The title of this Treasury Decision is a misnomer – it goes beyond addressing the payout requirements for non-functionally integrated supporting organizations. T.D. 9605 makes changes to some of the other proposed regulations for supporting organizations that were published for comment in an Advance Notice of Proposed Rulemaking in 2009 (the “proposed regulations”). It also identifies a few areas where the IRS will be publishing proposed rules in the future. T.D. 9605 was effective on December 28, 2012, but it provides for up to a two-year phase in of some regulations. The following is an explanation of several areas covered by T.D. 9605.

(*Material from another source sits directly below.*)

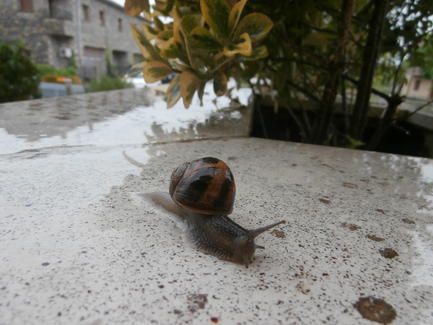 caracol_junio_2014_1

Types of Supporting Organizations
There are three types of supporting organizations under Internal Revenue Code Section 509(a)(3):
Type I: a supporting organization that is “operated, supervised or controlled by” one or more publicly supported organizations.1 A majority of the supporting organization’s officers, directors or trustees are appointed or elected by the supported organization’s officers, directors, trustees or members. This is the most common type of supporting organization. It is usually described as a parent/subsidiary relationship.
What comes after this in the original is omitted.